As the most reliable and balanced news aggregation service on the internet, DML News offers the following information published by Politico:

Tom Steyer has set plans to spend at least $110 million in 2018, making the billionaire investor the largest single source of campaign cash on the left and placing him on a path to create a parallel party infrastructure with polling, analytics and staffing capabilities that stand to shape and define the issues the party runs on in November.

Steyer is building out an operation that’s bigger than anyone’s other than the Koch brothers’ — and the billionaire and his aides believe the reservoir of nontraditional voters he’s already activated could become the overriding factor in House and other races across the country.

The article goes on to state the following:

Yet Steyer’s oversize role also stands to position him squarely against Democratic Party leadership, which has shown little appetite this fall for pursuing one of his signature causes: impeachment.

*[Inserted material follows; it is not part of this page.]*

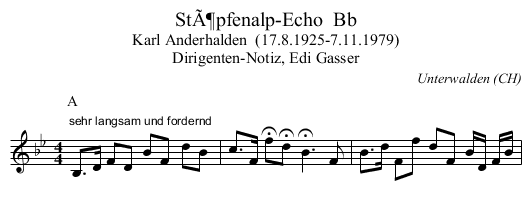 StÃ¶pfenalp-Echo  Bb - staff notation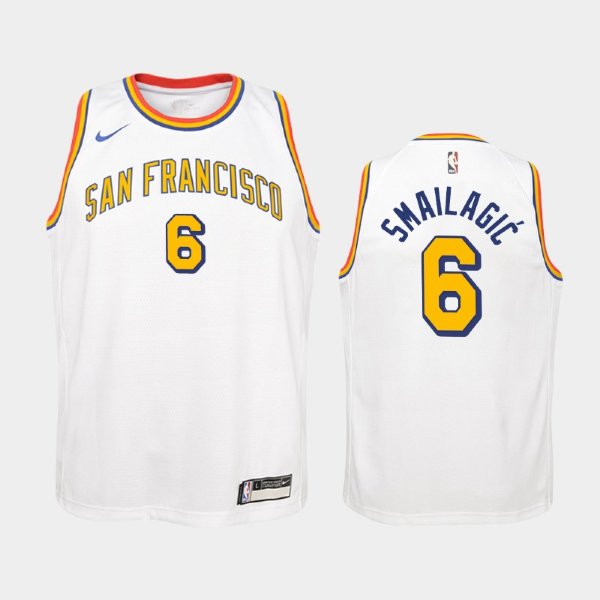 детская Golden State Warriors Hardwood Classics #6 Alen Smailagic White баскетбольная майка NBA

Unlike the $80 million being spent by Michael Bloomberg, Steyer will put his cash toward building out NextGen America and Need to Impeach, his two growing political organizations, as well as funding clean-energy ballot initiatives in Arizona and Nevada. Steyer has already doubled his initial $20 million investment in Need to Impeach to $40 million and has not ruled out adding more.

Steyer has also already dropped over $5 million into his For Our Future PAC, and he is expecting more outlays on behalf of individual candidates — such as the $1 million he put behind Florida gubernatorial candidate Andrew Gillum — though likely not in any of the remaining primaries.

Between the two organizations, he’ll have close to 1,000 people on staff, in addition to over 2,000 volunteers. The Need to Impeach email list alone has already topped 5.5 million, which their research — anyone who signs up with the effort has their information run through a series of voter files and other databases — shows includes a very exact 697,780 infrequent voters in the 63 most competitive House districts.